You have less than 24 hours to print the coupons. 4 per computer

Free KFC Coupon - Oprah.com


----------



## longburn (Mar 28, 2009)

Nice,thanks for sharing that tidbit. I have been trying to to the print coupon page but so far no luck. The traffic volume is too heavy. I'll try again tonight.


----------



## slyder (Mar 17, 2009)

Im just gonna go ahead and laugh by myself here....dont pay any attention to me.


----------



## longburn (Mar 28, 2009)

slyder said:


> Im just gonna go ahead and laugh by myself here....dont pay any attention to me.

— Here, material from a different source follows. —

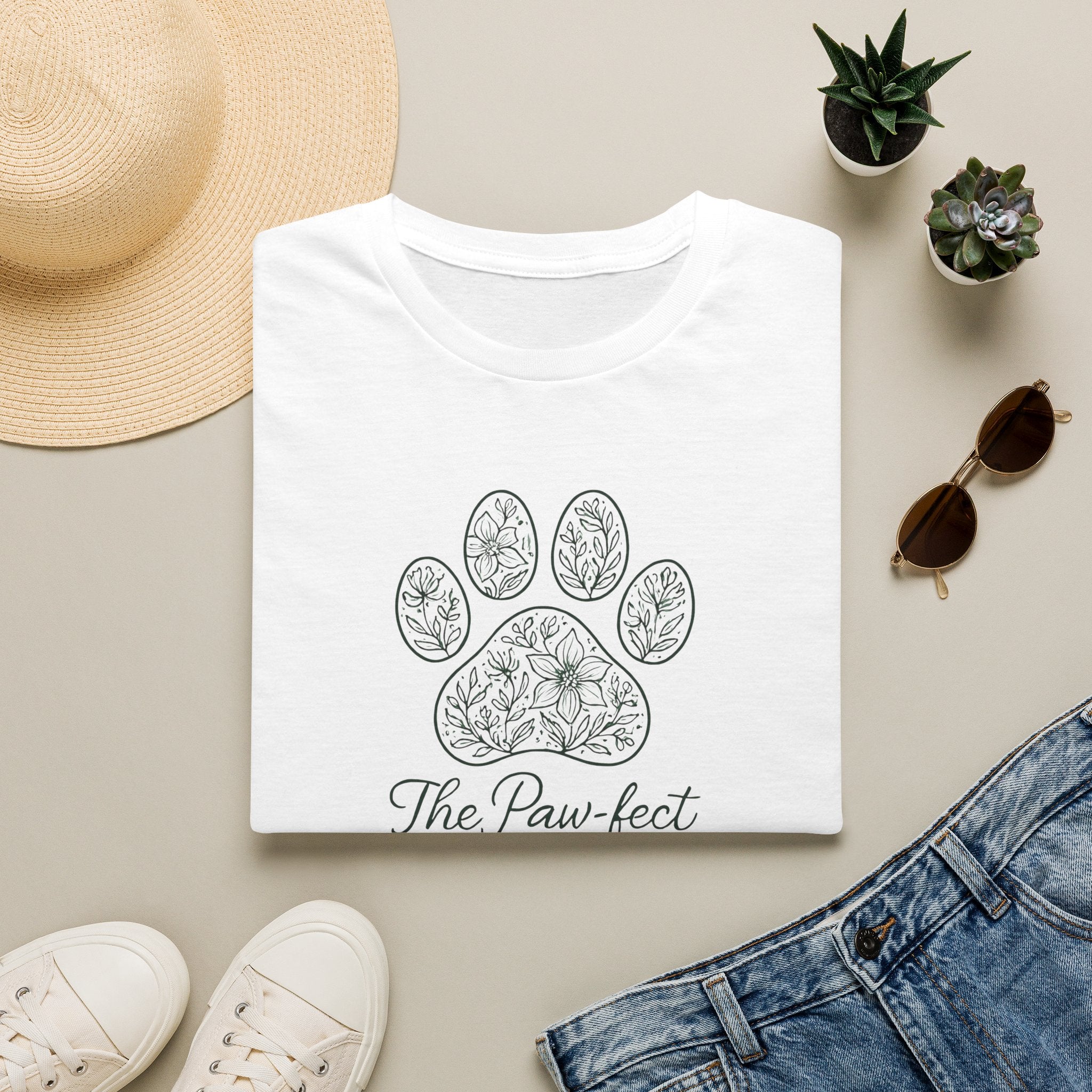 Floral Paw Print T-Shirt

I would laugh, was gonna laugh....but I checked...it's for real.


----------



## slyder (Mar 17, 2009)

Is this like the time oprah bought the cars for poor people that couldnt pay the sales tax on em?


----------



## SMOKE20 (Apr 26, 2008)

Thats pretty awesome, I have one right in front of my work, now I know what is for lunch


----------



## ashmaster (Oct 10, 2008)

I was able to download the coupon, so if anyone is having a problem shoot me a PM with your email address and I'll forward you a copy.


----------



## 82shovel (Feb 2, 2009)

free mothers day dinner for the wife (I will take her out a day earlier)= more money for my cigar collection


----------



## Tarks (Mar 3, 2009)

NEWSFLASH!!!

The whole country takes the day off cause their in the bathroom!


----------



## ProBe (Jan 8, 2009)

Thanks for the post.


----------